— What is needed —
Leave the images aside and repeat the whole listing exactly.

— Recorded information —
----------------------------------------

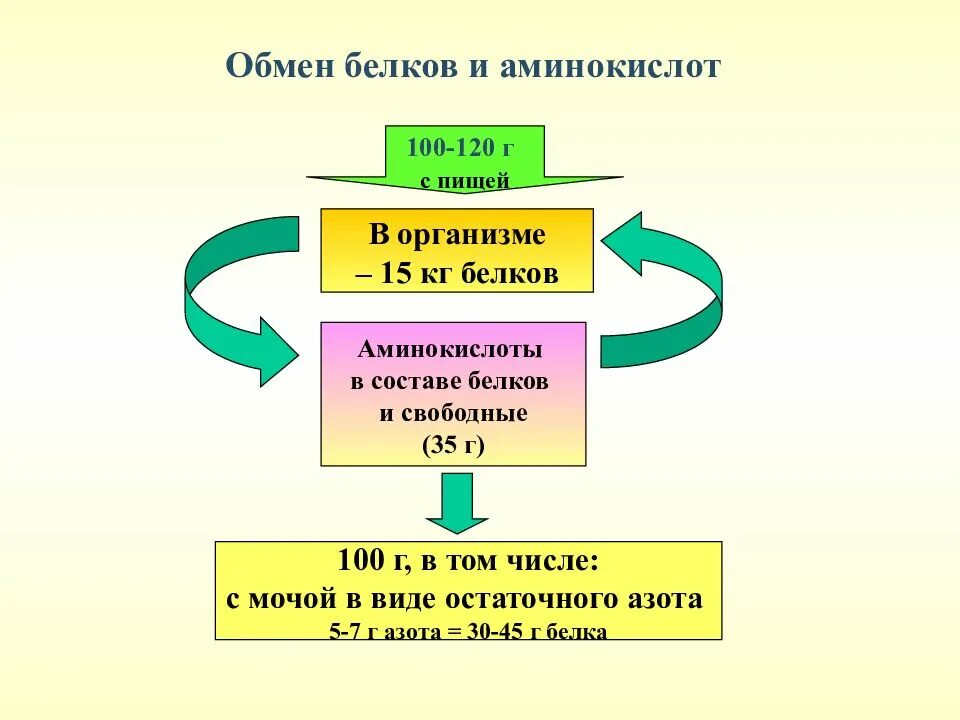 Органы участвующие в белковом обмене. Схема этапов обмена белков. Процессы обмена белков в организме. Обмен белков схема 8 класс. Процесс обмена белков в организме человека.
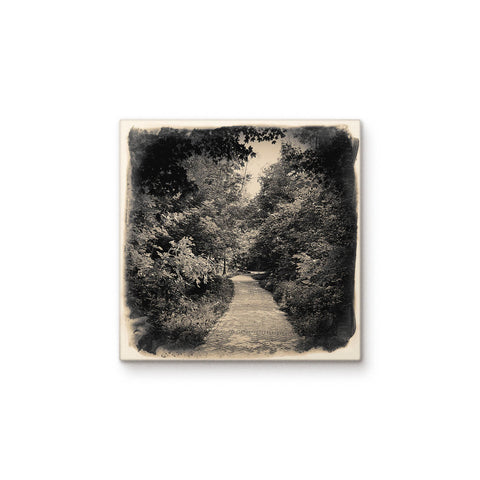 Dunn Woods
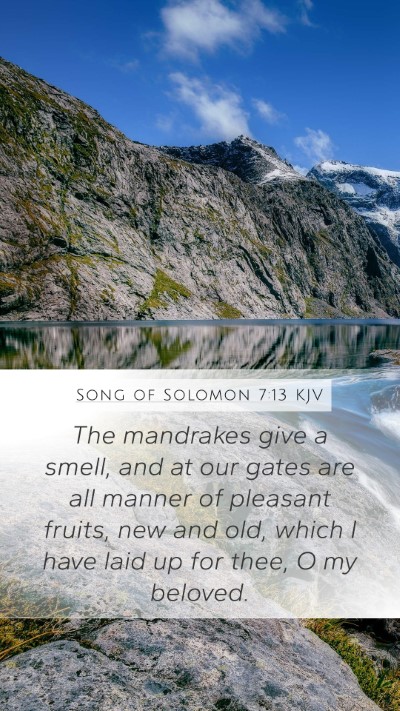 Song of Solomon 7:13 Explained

----------------------------------------

— Task solution —
 Органы участвующие в белковом обмене. Схема этапов обмена белков. Процессы обмена белков в организме. Обмен белков схема 8 класс. Процесс обмена белков в организме человека.
 Dunn Woods
 Song of Solomon 7:13 Explained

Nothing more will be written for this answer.